Home...the junkies are too many

You learn a great deal about yourself when you isolate yourself to the otherside of the world. Self-sufficiency is the name of the game and something I’ve been really revelling in since I moved into my new house in Surry Hills. I’m living with two Aussie students who are just fantastic and far too cool to deserve a random Scot cramping their style.  

However, I’ve also discovered a peculiar side to myself in this self-sufficiency drive. I spent the day out last Sunday going to the odd barbeque and making stock lead balloon jokes about shrimps before coming home in the evening to find my laptop was missing. We’d been robbed! Given my entire room fits in a suitcase, it’s needless to say they didn’t find much else worth nicking, but my housemate’s room had been ransacked.

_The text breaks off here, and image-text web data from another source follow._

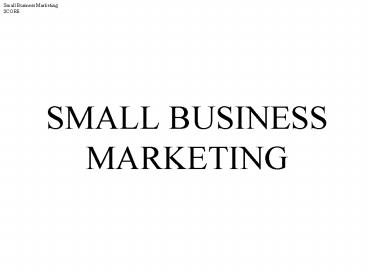 Small Business Marketing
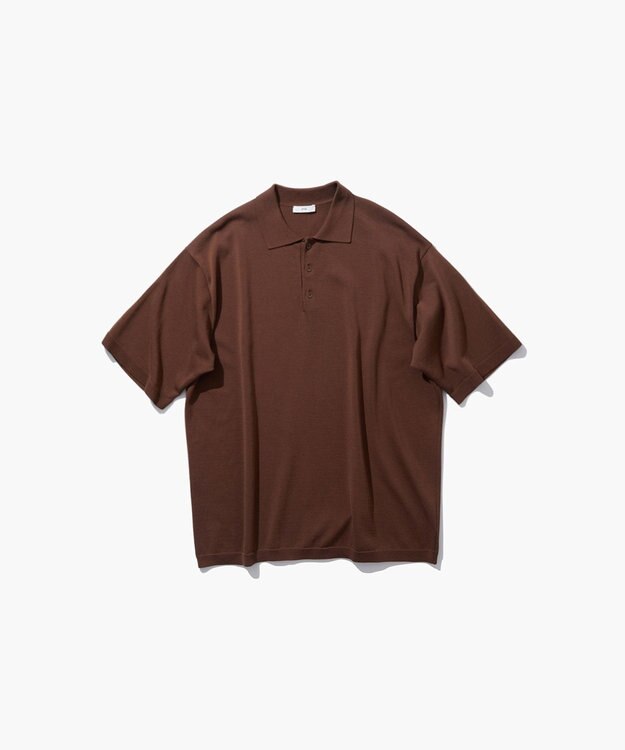ATON NATURAL DYED ORGANIC | ハーフスリーブポロニット - UNISEX BROWN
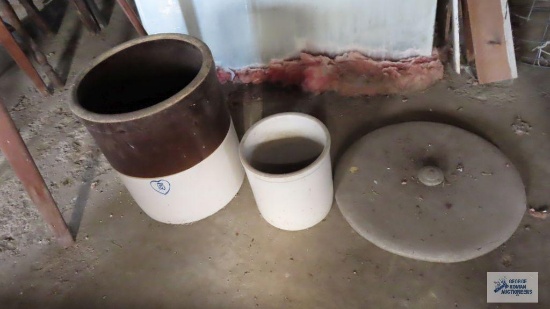 5 gallon crock with smaller crock and large crock lid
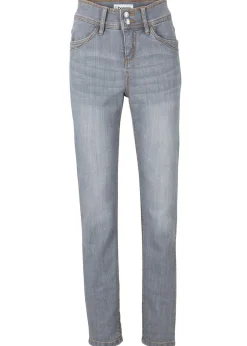 bonprix bonprix Vaqueros|Tallas Pequeñas>Vaqueros elásticos de corte slim y talle alto denim gris desgastado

 They’d busted in through our backdoor which has an iffy lock, so I made sure everything was properly secure before returning to waiting for my housemates to get back and being miserable. A while later though, the ruddy robbers came back! They were rattling at the back door despite being able to see I was in.

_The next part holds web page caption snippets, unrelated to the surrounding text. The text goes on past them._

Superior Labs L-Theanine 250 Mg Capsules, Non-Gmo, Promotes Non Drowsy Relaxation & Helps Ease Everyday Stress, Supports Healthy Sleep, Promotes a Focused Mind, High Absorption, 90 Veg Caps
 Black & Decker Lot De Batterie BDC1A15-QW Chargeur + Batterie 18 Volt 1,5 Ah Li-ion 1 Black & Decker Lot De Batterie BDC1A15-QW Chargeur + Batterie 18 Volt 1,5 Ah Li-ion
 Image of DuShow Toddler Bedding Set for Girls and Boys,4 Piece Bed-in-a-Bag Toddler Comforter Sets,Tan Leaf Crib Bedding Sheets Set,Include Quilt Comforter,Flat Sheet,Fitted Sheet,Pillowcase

Most people’s normal reaction would be to shout “I’ve called the police,” actually call the police or just do a runner. For some ridiculous reason though, I went in to stealth mode. Slick as a Bond villain (in a floral dress) I grabbed the biggest kitchen knife I could see and crept around the corner of the kitchen to await my thieves. Luckily they were fairly half-hearted about the whole thing and skulked off as I have no idea how I’d have played out the whole ‘clutching a carving knife’ scenario had push come to shove. Perhaps I’d have launched into a Braveheart battle cry- could this ridiculous instinct be an effect of too many hero films?

My housemates got back not long after and did actually call the police who were pretty much just Aussie lads in uniform. They attempted to placate us by saying “aw, it’ll just be some dirty Abos or stupid junkies. They’ll always find ways to get in”... very comforting.

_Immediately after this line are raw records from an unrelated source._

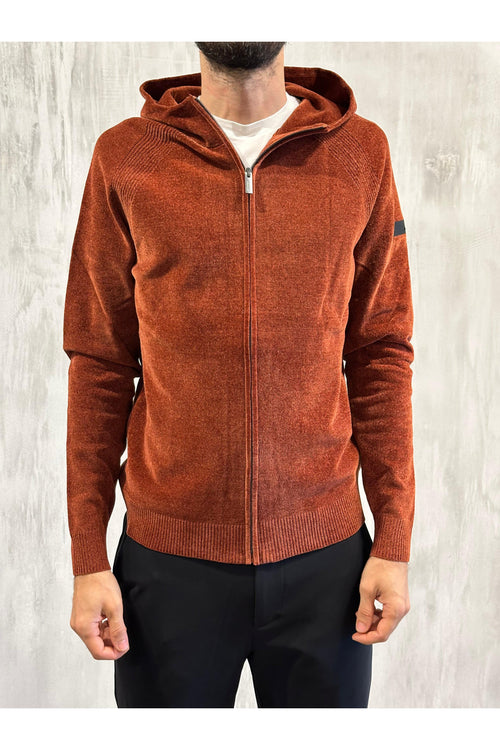 Velvet Hood Zip Knit Uomo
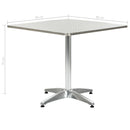havebord 80 x 80 x 70 cm aluminium sølvfarvet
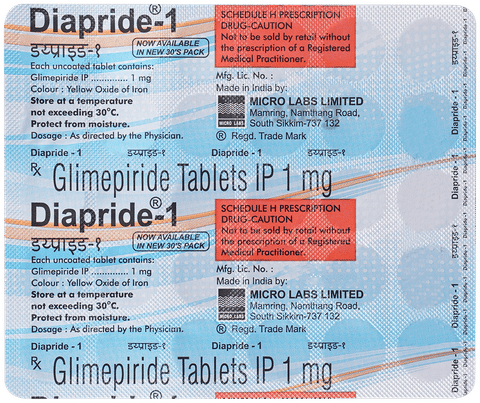 Diapride 1 Tablet image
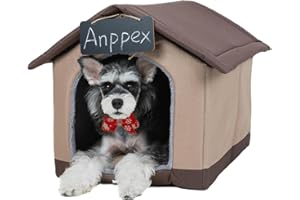 ANPPEX Cozy Dog House Indoor,L Size Indoor Dog House for Small and Medium Dogs,Covered Dog Bed with Cushion,Brown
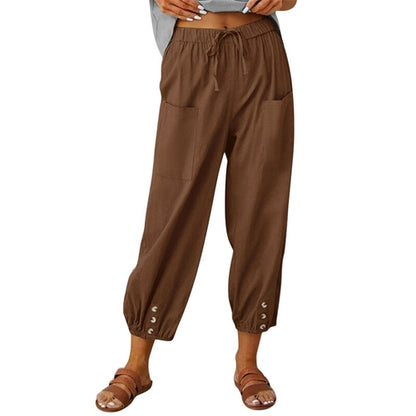 Solid Color Drawstring Elastic Waist Work Trousers
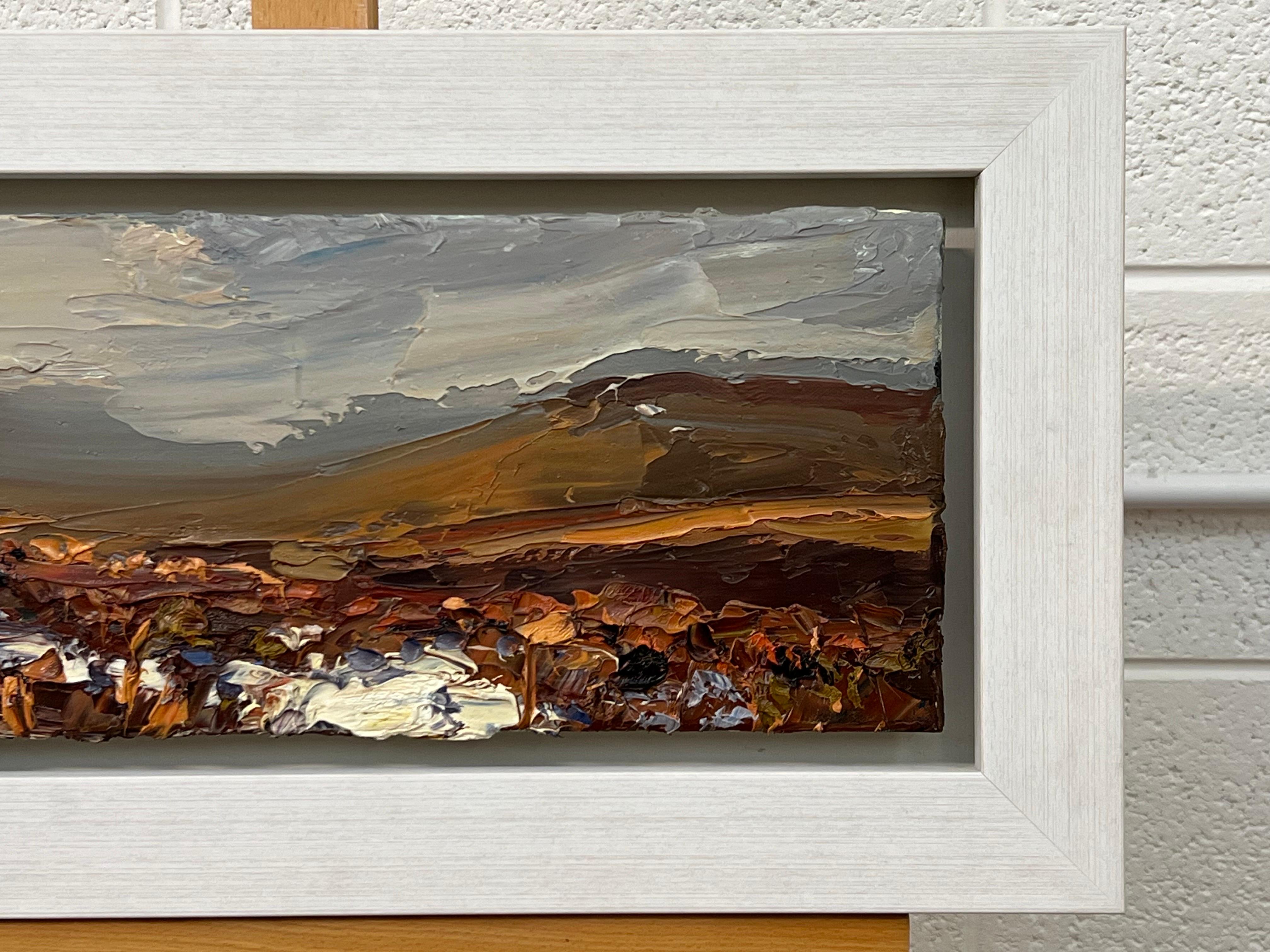 Impasto Oil Painting of Melting Snow on English Moor Landscape by British Artist For Sale 2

I am now both stripped of my faith in humanity (the last crime in Ardgour probably dates to the 1800s and involved some strong words over a creaky gate) and my ability to waste time on the net. My evenings have becoming unintentionally wholesome with reading, walking and conversation. Give me youtube clips of cats any day.  

Monday, 7 November 2011

I'm on a boat

With a sensible job, life has settled down and I’m in fear that there isn’t anything terribly original to write anymore. That may be tempting fate slightly though as I’m sure I’ll be cheerfully booted out of the office the moment they discover what a phoney I am. Instead of the business pages of The Australian, my most visited website is ‘Investopedia’ (how Chessie would cringe) and when we have office meetings to discuss the global markets I’m picturing unicorns prancing around castles.
With a 5 day week though, I’ve discovered the joy of weekends. A fairly indistinct phenomenon when you’re a student. I’ve been sampling the more boozy side of things with such events as a Sydney Uni Ski-club Halloween booze cruise around the harbour which was about as epic as the name suggests. My shape making repertoire on the dance-floor was blown wide open with the rocking motion to contend with. The climax of the night came when Lonely Island’s “I’m on a boat” began blaring and the fancy dress T-Pain emerged from the crowd in all his un-PC glory. I also had a night out with Ian and Bea the unlikely (sorry Bea, but we were all thinking it) and intrepid explorers.
What’s more I was privileged to see the whole of Sydney grind to a halt for the Melbourne Cup. Women went to work in cocktail dresses and fascinators and champagne corks were popped at a relentless rate from midday onwards. As the day wore on it was classic to see an entire city suffering from peaking too soon. By 7pm co-workers were either in the throes of a public tryst, waltzing or slumped in bus stops. I was fondly reminded of the royal wedding.
My brother had warned me before I got out here that I might find everyone a bit ‘uncouth.’ I dismissed this instantly thinking ‘Ewen is clearly underestimating how battle worn I am.’ And largely I was right; the girls out here are great. The guys though...urgh, it seems you can’t even instigate a conversation with one out here without first proving your worth by chugging a beer or doing a good impression of Austin Powers’ Fat Bastard...apparently the archetypal Scot. I was hoping he’d been forgotten about, damn you Mike Myers. Give me the politeness (and probably disinterestedness) of a Brit any day. It looks like I won’t be returning with any Bruces on my arm (audible sigh of relief from my father).
I’ll soon be moving into a perfect little house in the artsy/cool suburb of Sydney, Surry Hills. Luckily there is no screening process to see if I meet this criteria. It’s got a pretty little garden and is seconds walk from some of the city’s best cafes. Translated: I will soon be a fat lobster. I feel like my Sydney dream will really begin then.